Sí, ya sé que lo que diga el de delante sobre nosotros no tiene por qué ser una verdad absoluta, y que lo que Juan dice de Pedro dice más de Juan que de Pedro, pero no hablo del mensaje en sí. 

Hablo de la voluntad de escuchar activamente cuando nos dan un input sobre nosotros que no siempre es agradable de escuchar. Analizar si allí nos ponemos en modo negación o ataque revela lo poco dispuestos que estamos a conocernos y aprender sobre nosotros mismos.

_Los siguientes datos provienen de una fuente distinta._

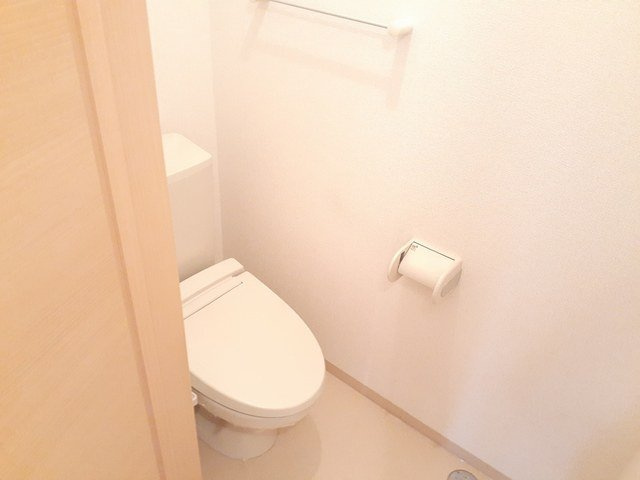 アリ・ビラⅡのトイレ|落ち着いたトイレです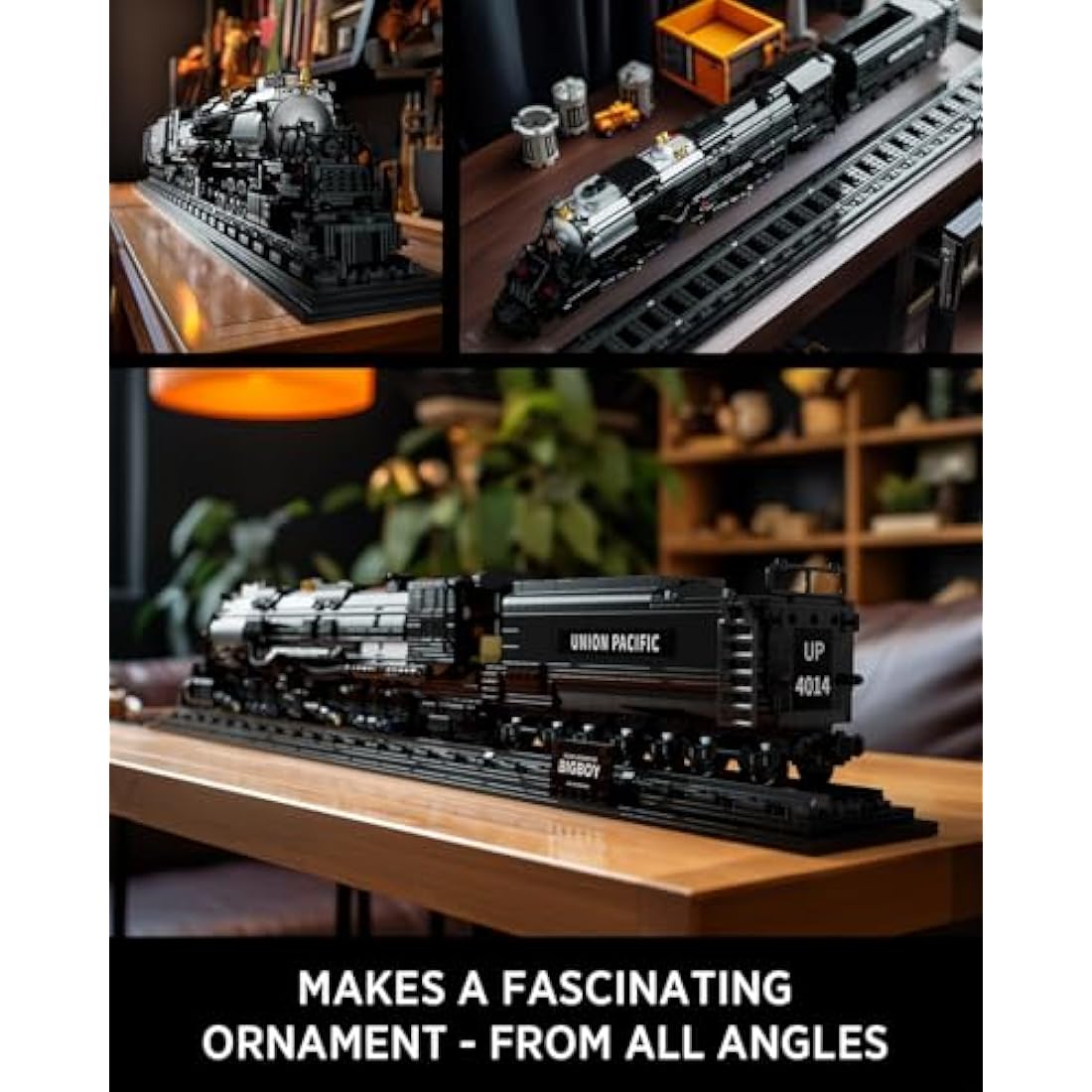 Nifeliz Train The Big Boy Locomotive, Steam Locomotive Building Block Set for Adults, Legendary Steam Train Display Kit for Gift Giving (1818 Pieces)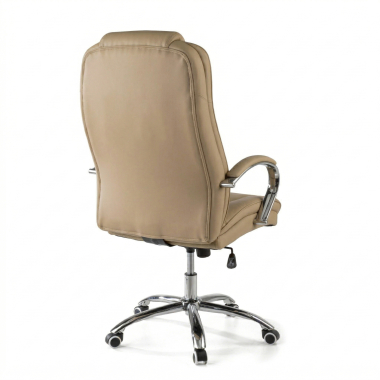 chefsessel beige adana kunstleder gepolsterte armlehnen 7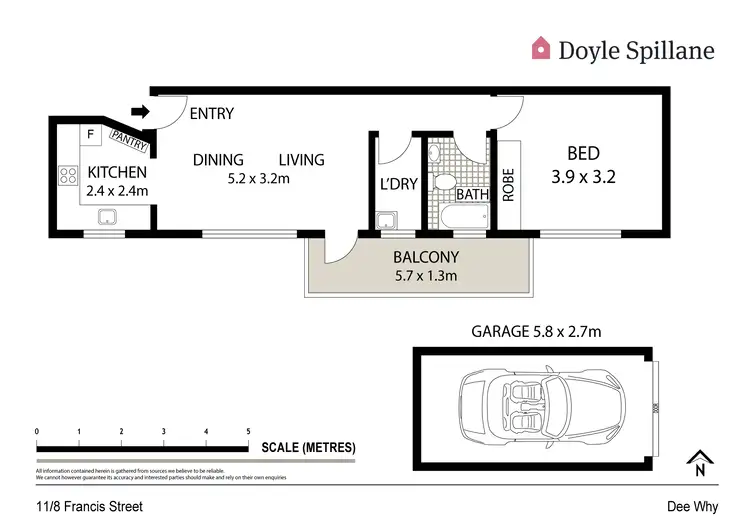 Floorplan of Homely apartment listing, 11/8 Francis Street, Dee Why NSW 2099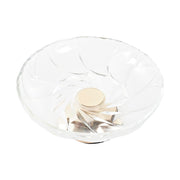 Schale DKD Home Decor Kristall Golden Metall Durchsichtig (25 x 25 x 11 cm)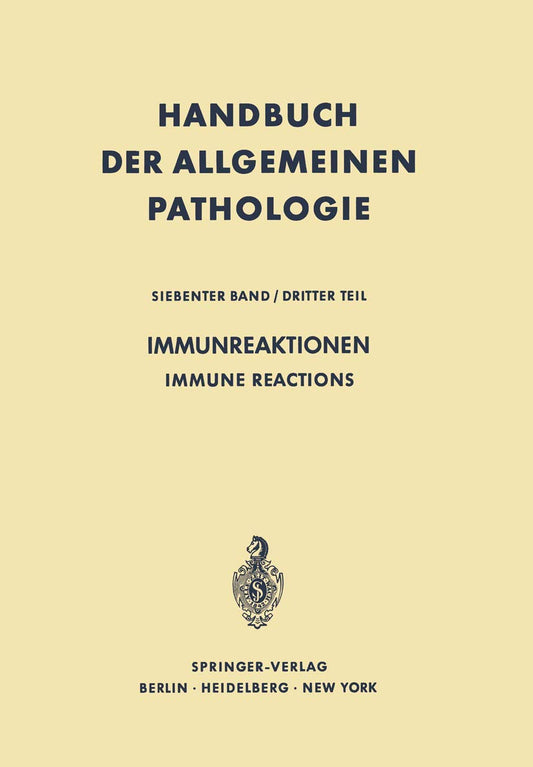 Immunreaktionen / Immune Reactions (Reaktionen) (German Edition)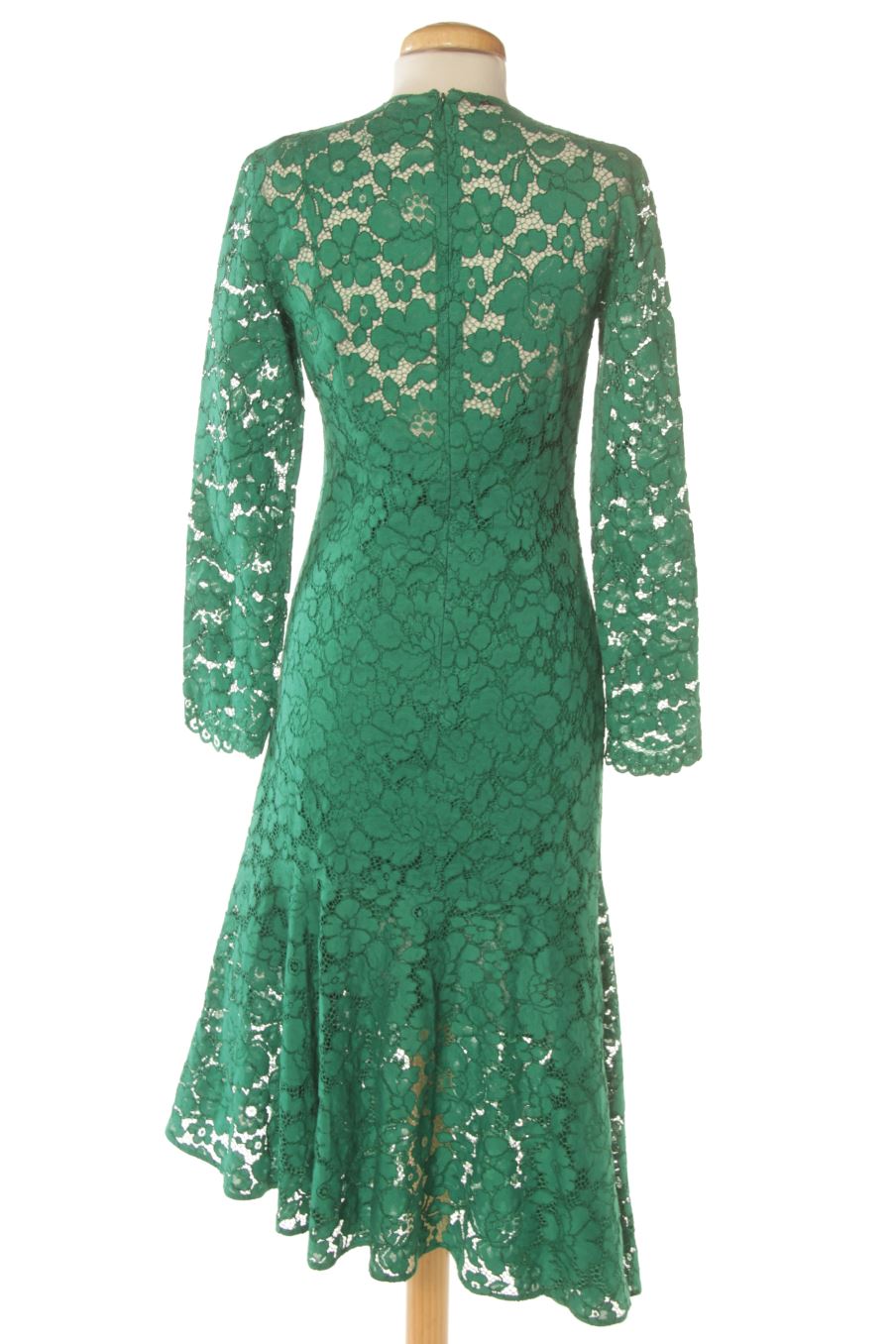 Vestido elegante de Carolina Herrera de la talla S, de color verde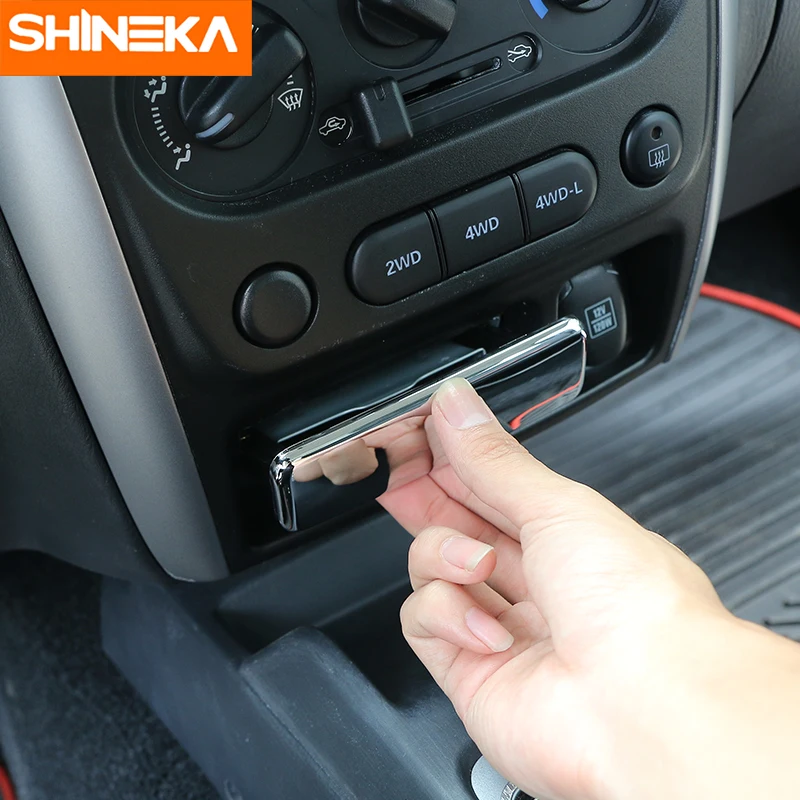 Пепельница SHINEKA из АБС пластика 2 цветов для стайлинга автомобиля декоративная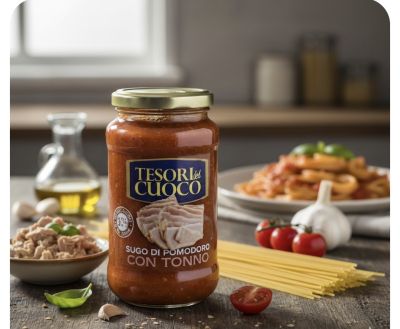 СОС ТЕЗОРИ С РИБА ТОН 400 ГР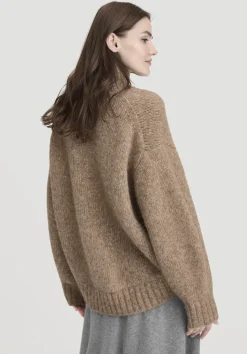 hessnatur Strick Pullover Oversize aus Alpaka mit Bio-Baumwolle von|Damen Pullover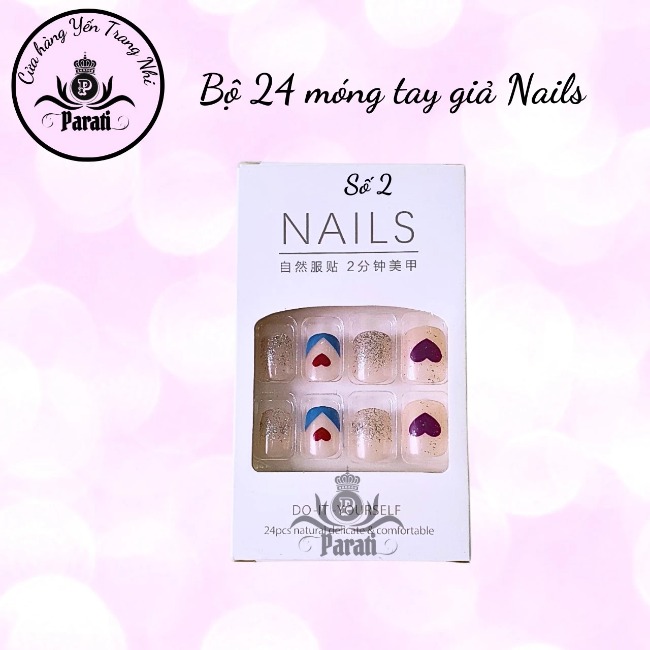 Bộ 24 nail giả Nails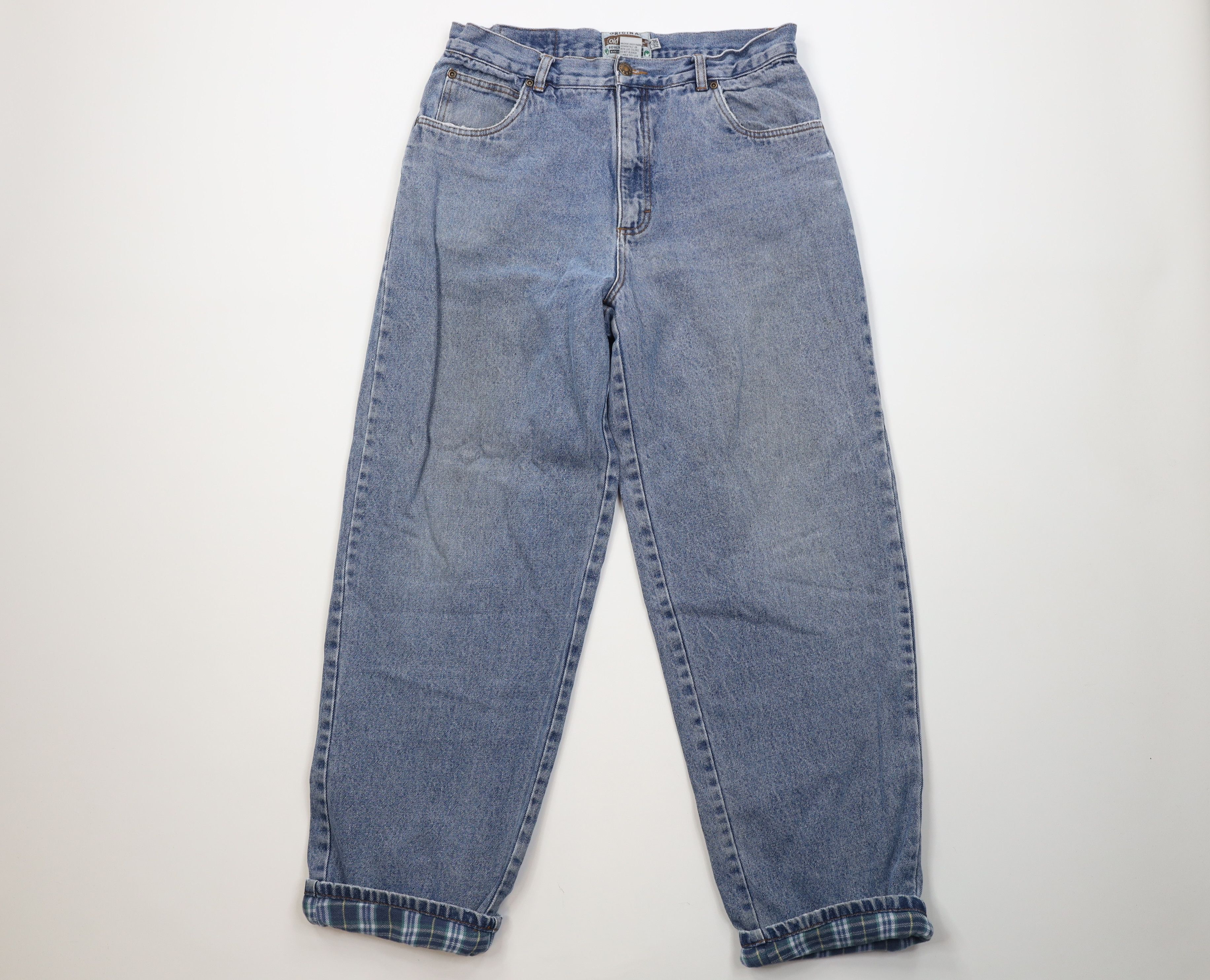 Vintage Vintage 90s Streetwear Lined Wide Leg Denim Jeans Blue Size US 36 / EU 52 - 1 Thumbnail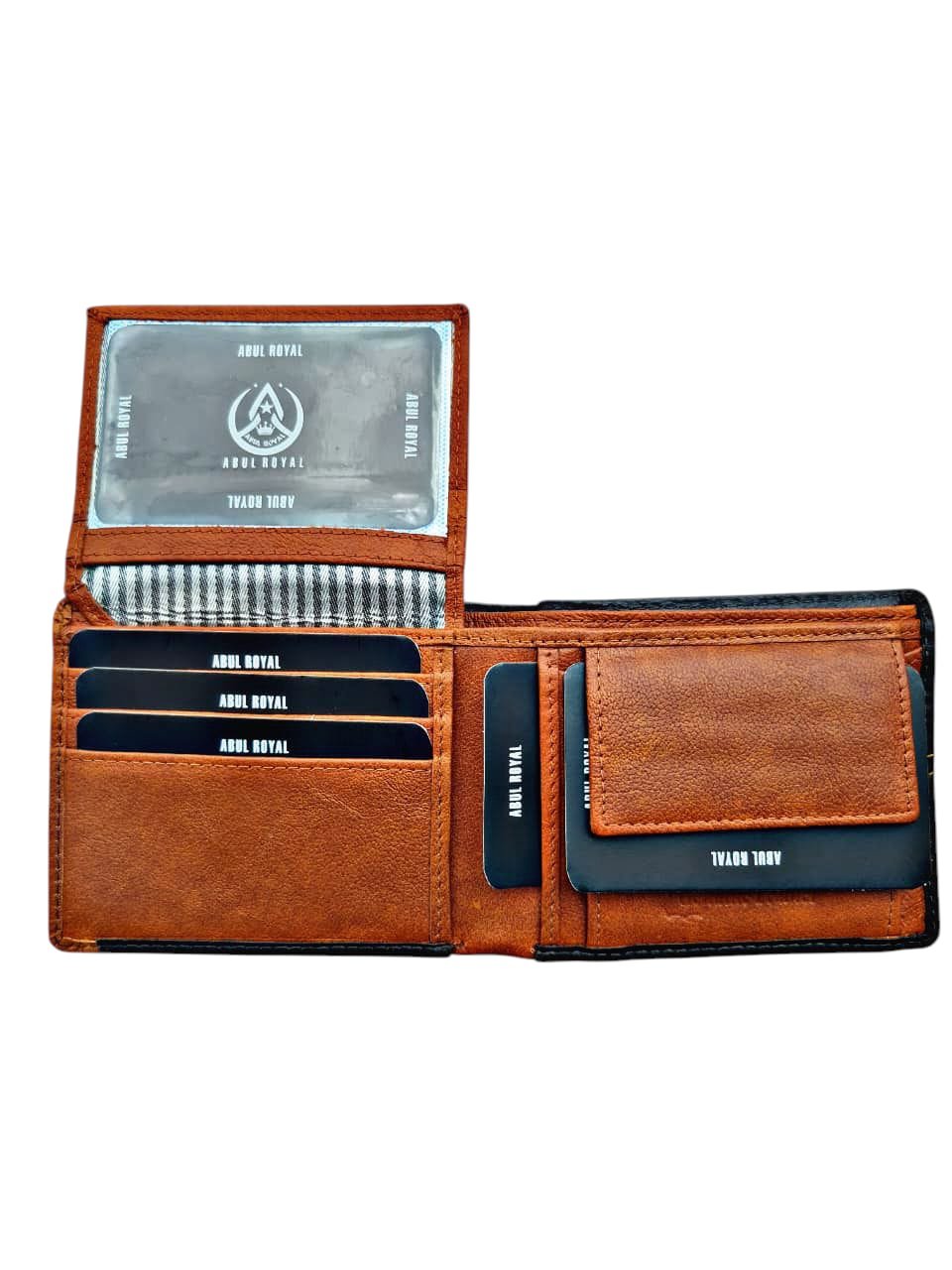 ABUL ROYAL Premium Bifold Men's Leather Wallet With Coin Pocket & Card Slots - Image 3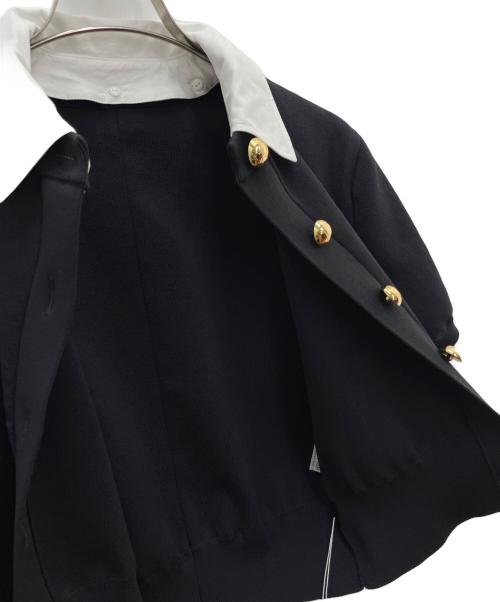 Adam et Rope（アダム エ ロペ）Adam et Rope (アダム エ ロペ) 半袖ブラウス ブラック サイズ:F 未使用品の古着・服飾アイテム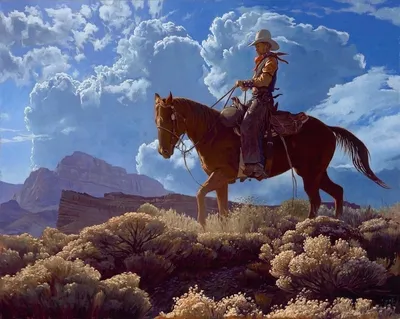 дикий запад сцена абстрактный ковбой, утро, иллюстрация, ранчо фон картинки  и Фото для бесплатной загрузки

Cuantas más ganas de mejorar tengamos, más herramientas adquiriremos y, por tanto, más capaces seremos de resolver los conflictos cotidianos. 

La verdad incómoda no siempre sale a la primera

Pero llegados a este punto déjame contarte algo que creo que nadie nos dice y es que las conversaciones difíciles tienen que tenerse más de una vez, porque son complicadas y casi nunca acabamos expresando y recibiendo lo que realmente era necesario decir y oír.

¿Y eso por qué sucede? Porque no tenemos las cosas claras. Por eso nos cuesta expresarlas y darles dirección. La mayoría de personas creen que tienen un problema que no tienen y desconocen lo que realmente les causa esa incomodidad que sienten. Me explico.

El otro día estaba sentada como de costumbre con mi ordenador en una tetería del barrio de Gracia, en Barcelona, y a mi lado se sentaron dos chicas veinteañeras  a tomar un té. El lugar es pequeñito, así que las mesas quedan cerca y pude escuchar con todo lujo de detalle la conversación que tuvieron. Una de ellas explicaba que había tenido un problema con la reserva de un cliente en el hotel en el que hacía poco que trabajaba. Por lo visto se había encarado con él y, además, estaba muy dolida, porque ninguna de sus compañeras había acudido a defenderla. Como consecuencia de ese incidente, la acababan de echar.

Ella creía que el despido se debía a la mala suerte de dar con un cliente poco tolerante, a la falta de solidaridad de sus compañeras o a su error con la reserva propio de una principiante.

Nada más lejos de la realidad.  El motivo real de ese despido, a juzgar por lo que contaba, era la falta de madurez emocional. No asumía ningún tipo de responsabilidad ni mostraba el más mínimo ápice de capacidad de resolución en esa situación. La echaron porque dejó de ser confiable para sus jefes. Perdió los papeles y con eso se expulsó a sí misma. 

la autorregulación es una competencia emocional clave

El ámbito profesional es en el que más tenemos que autorregular nuestras emociones. Y por regular no me refiero a reprimir o eliminar, me refiero a saberlas dominar, detectar con sutileza hasta dónde es adecuado mostrar y hasta dónde no.

El mayor riesgo de contratar a alguien no es la falta de competencias profesionales, sino la falta de competencias emocionales.

Cada uno está con sus propias guerras y conflictos internos y, por tanto, lo que más valoramos en los demás es que no añadan más madera al fuego. Si quieres que te vaya bien, demuestra que no eres alguien que puede explotar en cualquier momento, sino alguien que sabe gestionarse ante cualquier situación. Esto triplicará tu valor, no solo en cualquier trabajo, sino en cualquier relación.